Borussia Dortmund Appoints Markus Hille as Loans Manager

Borussia Dortmund have finally put a long-discussed plan into action, appointing a dedicated loans manager to tighten control over one of the most important – and often most neglected – parts of a modern squad.

The job goes to someone who knows the club, the league and the grind of the lower tiers: 45-year-old Markus Hille.

A Long-Time Idea, Finally Executed

The concept dates back to Sebastian Kehl’s time as sporting director. Dortmund wanted more than just paperwork and phone calls when sending players out on loan. They wanted structure. Continuity. Accountability.

Now they have a specialist whose sole task is to make sure every temporary move actually serves a purpose.

Hille emerged from a public recruitment process that drew more than 300 applicants. In a market full of analysts, agents and ex-pros, Dortmund chose a former reserve-team player with a coaching licence and years of backroom experience. That alone says plenty about what they value in the role.

From Reserve Player to Architect of Loans

Hille’s name is familiar to long-time BVB watchers. As a player, he spent three seasons with Borussia Dortmund’s reserves between 2007 and 2010, cutting his teeth in the shadow of the Westfalenstadion while also representing VfL Bochum and Arminia Bielefeld in Germany’s 2. Bundesliga.

He retired from playing in 2015 and didn’t drift far from the game. Armed with a UEFA A licence, he moved straight into coaching and administration at Arminia. Marketing, assistant to the managing director, then seven years as assistant manager from 2016 to 2023 – he has seen a club from every angle, from boardroom discussions to training-ground details.

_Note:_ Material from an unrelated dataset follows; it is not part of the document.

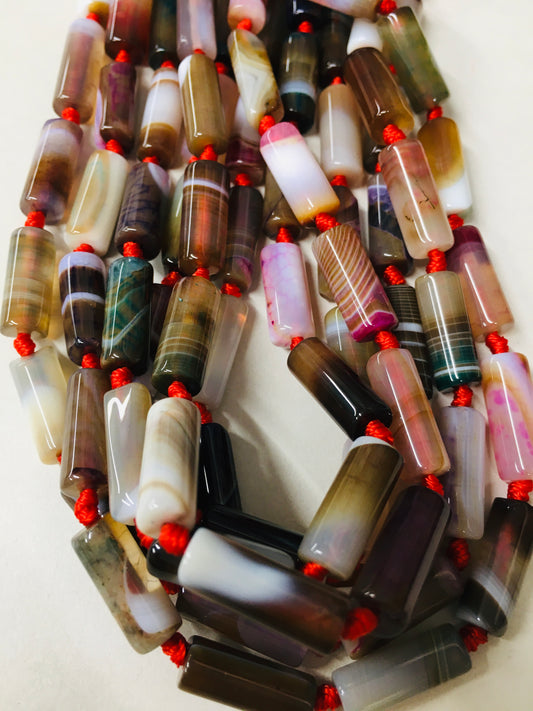 16mm Brown and Pink Cilinder Agate Strand / Agata20084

That breadth of experience is exactly what Dortmund want. This is not just about tracking minutes played. It is about judging coaches, environments, playing styles and dressing-room cultures before a deal is signed.

What Hille Will Actually Do

Hille will oversee the ongoing support of all loaned players and act as the gatekeeper for future moves. Every club taking a BVB talent will be scrutinised: the coach’s philosophy, the pressure level, the likelihood of game time, the fit with the player’s personality and development stage.

Only when those boxes are ticked will Dortmund sign off.

The appointment came after BVB sporting chief Lars Ricken and his team, including youth academy head Paul Schaffran, assessed what the club needed to bridge the gap between academy and first team. Book, involved in the decision-making process, ultimately handed Hille the job after consulting closely with Schaffran.

The message is clear: this is not an add-on. It is a key part of the pathway.

A Pathway Under the Microscope

Dortmund’s ambition is twofold. They want to nurture their loaned players more carefully, and they want more academy graduates pushing into the first-team squad.

This season, the Bundesliga’s second-placed side have four players out on loan: goalkeeper Diant Ramaj (24, 1. FC Heidenheim), winger Julien Duranville (20, FC Basel), forward Cole Campbell (20, 1899 Hoffenheim) and midfielder Kjell Wätjen (20, VfL Bochum).

Each of those moves now falls directly under Hille’s remit. Their progress, their setbacks, their daily reality at their loan clubs – Dortmund intend to have a much firmer grip on all of it.

The club have long been praised for spotting talent. The next test is whether they can manage it with the same precision once those players leave the training ground. Hille’s success or failure will be measured not in job titles or presentations, but in how many of those loanees eventually run out at Signal Iduna Park in black and yellow.